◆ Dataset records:
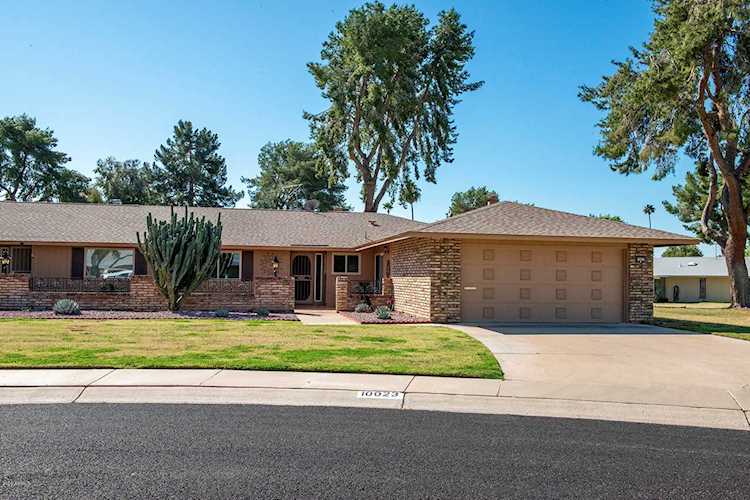 10023 W Shasta Drive Sun City, AZ 85351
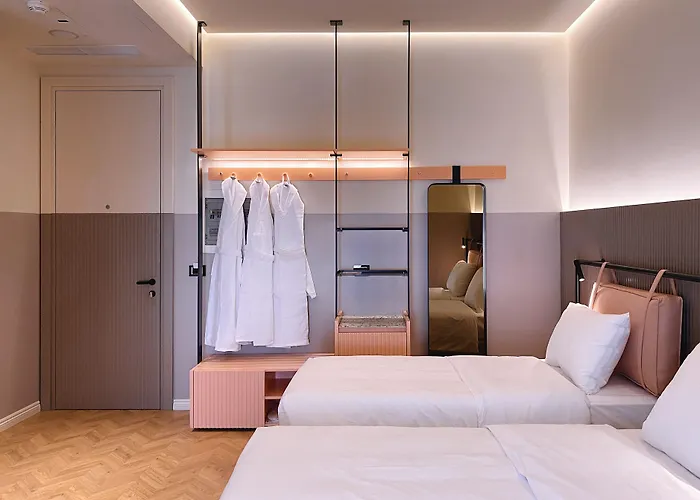 Iliria Boutique Hotel Tirana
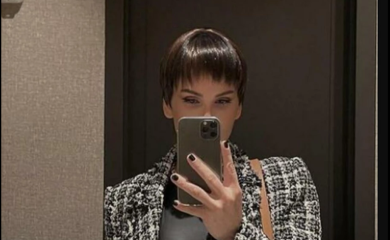 "PERIKA 100%!" Nikolija u NESVAKIDAŠNJEM IZDANJU, sve zbunila promjenom - Sijevaju komentari!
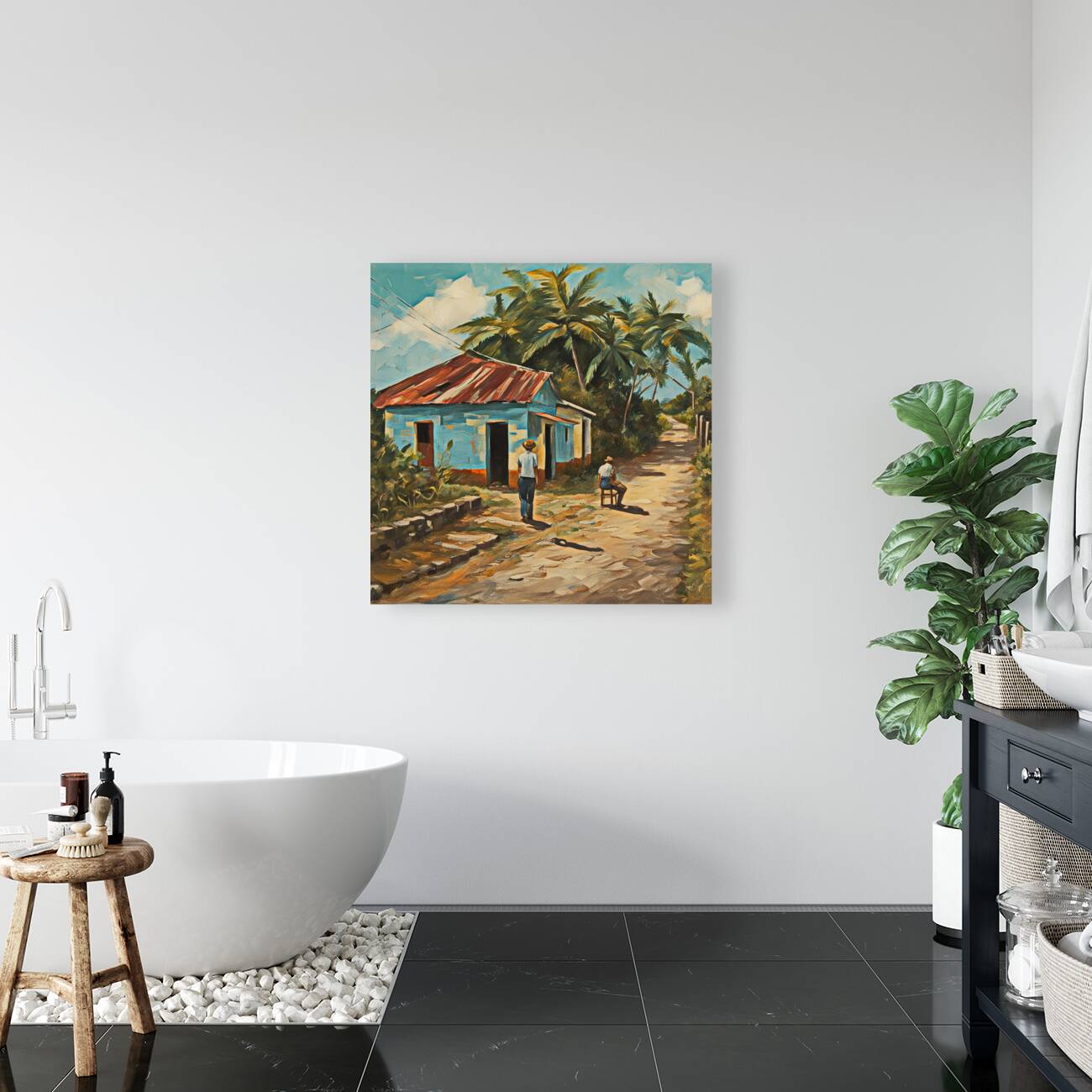  Nu Expressionism Reproduction
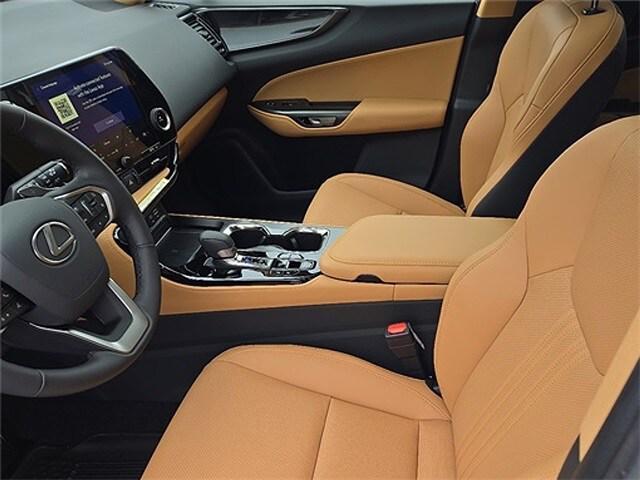 new 2026 Lexus NX 350 car, priced at $46,794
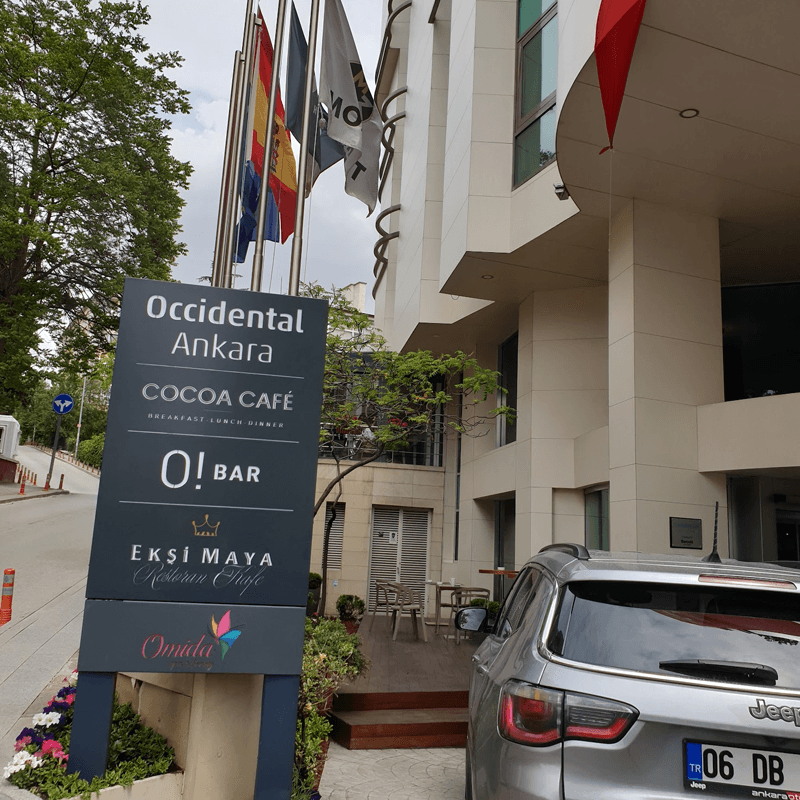 Omida Spa Merkezi & Masaj : Ankara Masaj Salonu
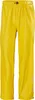 Helly Hansen Stretch-Regenhose VOSS Gr. L gelb Produktbild-Vorschau 1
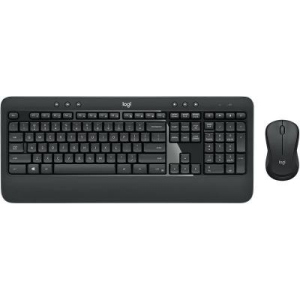 Комплект Logitech MK540 Advanced (920-008686) краща модель в Рівному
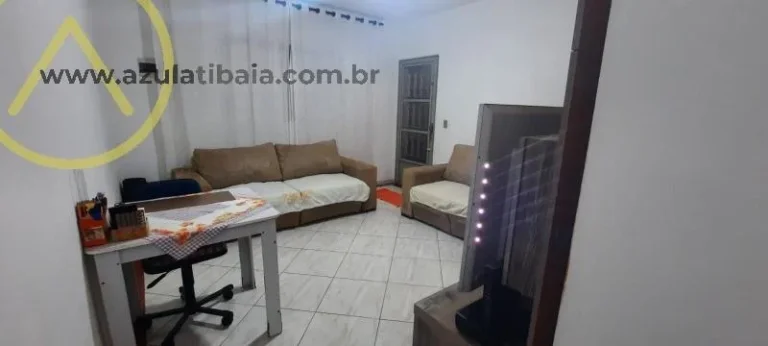 Imagem Casa para Venda em Atibaia, Jardim Das Cerejeiras, 2 dormitórios, 1 banheiro, 2 vagas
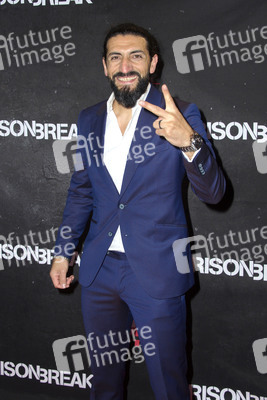 Serienpremiere 'Prison Break' in Berlin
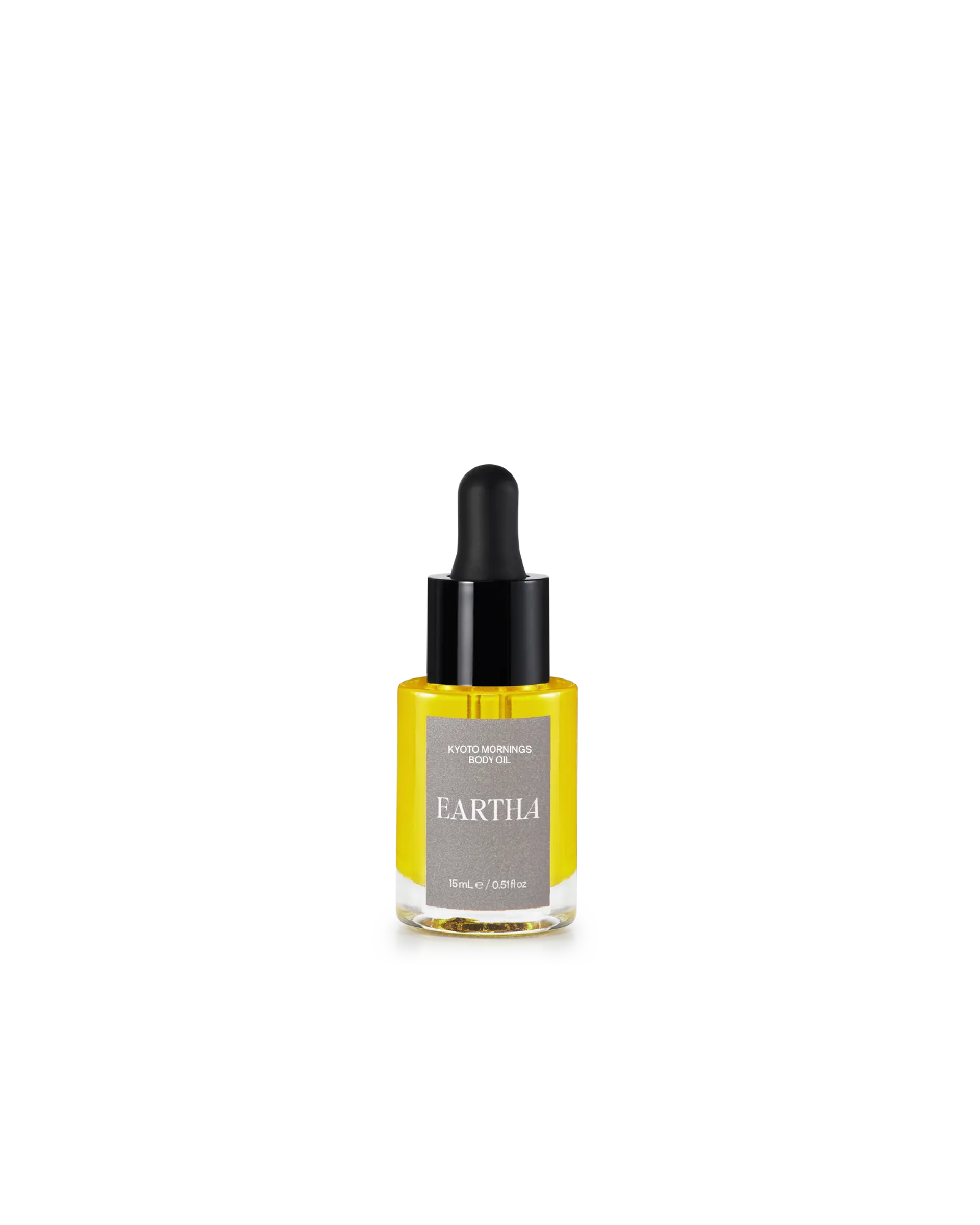 Eartha Kyoto Mornings Body Oil 15mL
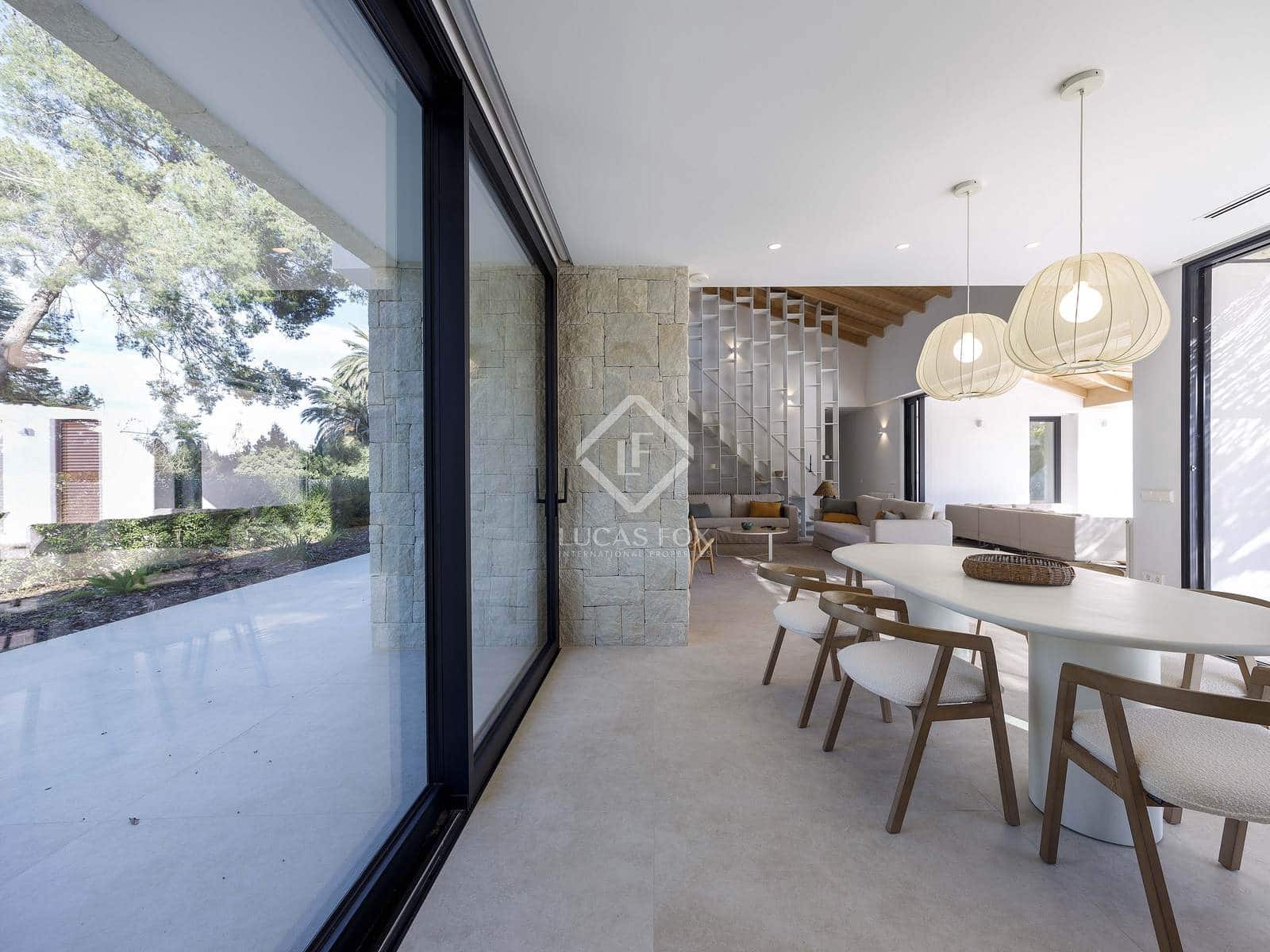 4 slaapkamer Villa te koop in L'Eliana met zwembad garage - € 1.590.000 (Ref: 8845871)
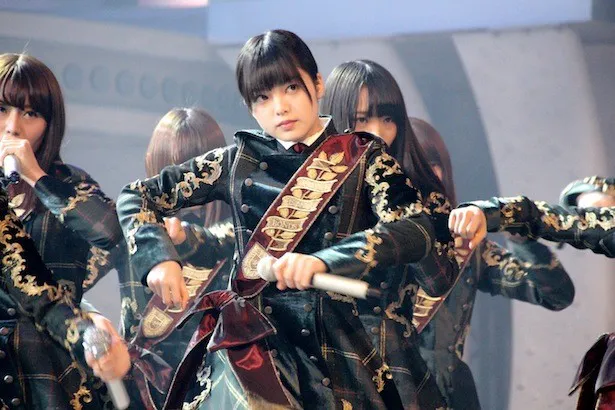 欅坂46 紅白衣装 生写真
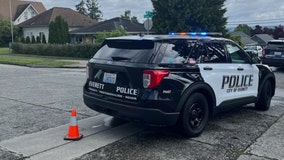 Everett standoff causes road closures Sunday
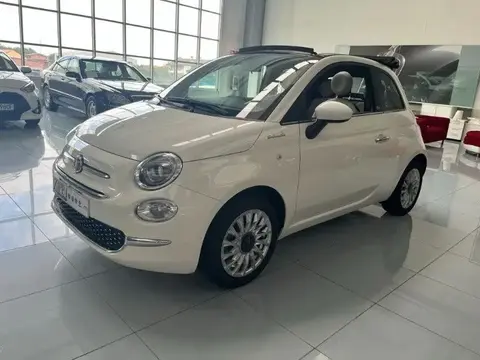 Annonce FIAT 500 Hybride 2022 d'occasion 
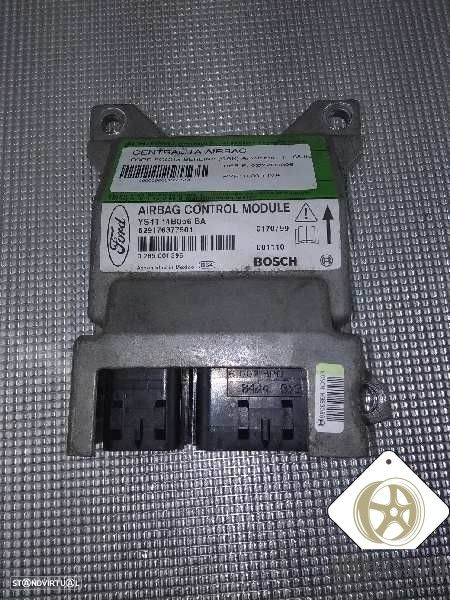 CENTRALINA AIRBAG FORD FOCUS 2001 - 3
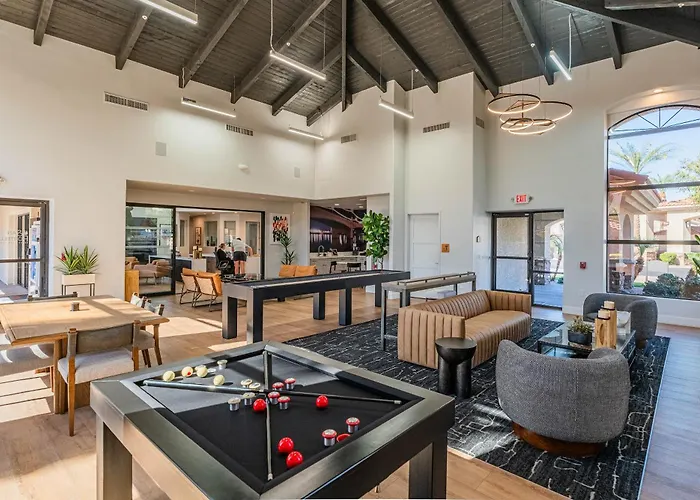 Near Asu & Diablo Stadium Pool Gym Parking Wd Apartment Tempe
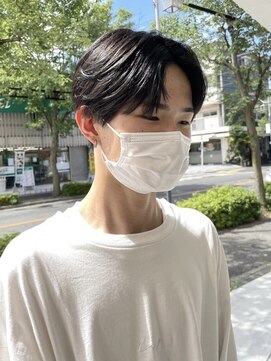 シニエ バイ ビセオ(Signet by VISEO) 【Signet by VISEO】ナチュラルセンターパート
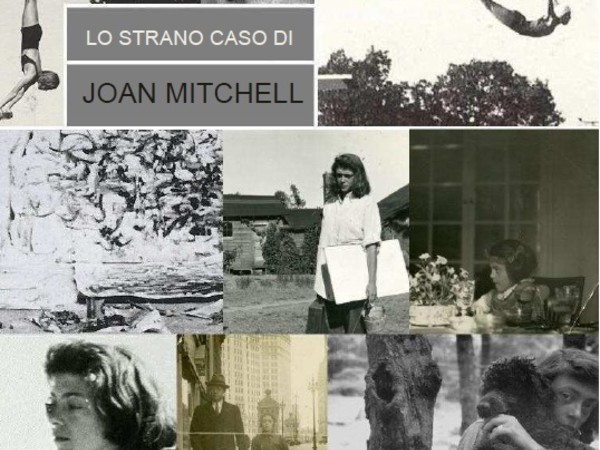 Gabriele di Matteo e Andrea Fatto. Lo strano caso di Joan Mitchell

◆ THE TASK:
With the images left out, set down every entry exactly.

◆ ANSWER FOR THIS EXERCISE:
 10023 W Shasta Drive Sun City, AZ 85351
 Iliria Boutique Hotel Tirana
 "PERIKA 100%!" Nikolija u NESVAKIDAŠNJEM IZDANJU, sve zbunila promjenom - Sijevaju komentari!
  Nu Expressionism Reproduction
 new 2026 Lexus NX 350 car, priced at $46,794
 Omida Spa Merkezi & Masaj : Ankara Masaj Salonu
 Helly Hansen Stretch-Regenhose VOSS Gr. L gelb Produktbild-Vorschau 1
 Комплект Logitech MK540 Advanced (920-008686) краща модель в Рівному
 Imagem Casa para Venda em Atibaia, Jardim Das Cerejeiras, 2 dormitórios, 1 banheiro, 2 vagas
 Serienpremiere 'Prison Break' in Berlin
 Eartha Kyoto Mornings Body Oil 15mL
 4 slaapkamer Villa te koop in L'Eliana met zwembad garage - € 1.590.000 (Ref: 8845871)
 欅坂46 紅白衣装 生写真
 Everett standoff causes road closures Sunday
 Annonce FIAT 500 Hybride 2022 d'occasion 
 CENTRALINA AIRBAG FORD FOCUS 2001 - 3
 Near Asu & Diablo Stadium Pool Gym Parking Wd Apartment Tempe
 シニエ バイ ビセオ(Signet by VISEO) 【Signet by VISEO】ナチュラルセンターパート
 Gabriele di Matteo e Andrea Fatto. Lo strano caso di Joan Mitchell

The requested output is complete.